How Bankruptcy Affects Accident and Other Personal Injury Cases
Posted by automobileaccidents, 01/08/2018 11:47 am

The effects of automobile accidents and slip and fall cases can be financially, physically, and emotionally devastating. It can be even more difficult when it is determined that the client is partially or completely responsible for the accident. If a person has little or no insurance when an accident happens, their finances may be ruined for years to come.

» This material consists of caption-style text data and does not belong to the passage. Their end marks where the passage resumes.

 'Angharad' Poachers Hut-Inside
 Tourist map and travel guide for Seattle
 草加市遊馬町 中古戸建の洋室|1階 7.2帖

Bankruptcy After an Auto Accident

If a person is financially responsible for an auto accident, they and their attorney should evaluate every available option, such as chapter 7 bankruptcy. Here, the client may be able to discharge some of their debts, depending on their specific circumstances. Typically, accident-related debts are dischargeable, whether they’re related to property damage or personal injury, as long as they’re listed on the bankruptcy petition. However, debts related to DUIs that cause wrongful death cannot be eliminated.

Malicious or Willful Events

Another notable exception is if the auto accident resulted from a malicious or willful injury caused by the client to another entity or piece of property. A good example of this is if a person deliberately ran their car into a neighbor’s vehicle. Under such an exception, both property damage and personal injury cannot be discharged during a bankruptcy case.



Bankruptcy and Other Personal Injury Cases

If a client’s personal injury case is actionable but they’re facing lawsuits and collection attempts by creditors, Chapter 13 is typically the right solution. Here, the client is protected from further collection attempts by bankruptcy’s automatic stay rule. Rather than the case being turned over to the court-appointed trustee, as in a Chapter 7 case, the debtor’s attorney represents their interests and those of the bankruptcy estate.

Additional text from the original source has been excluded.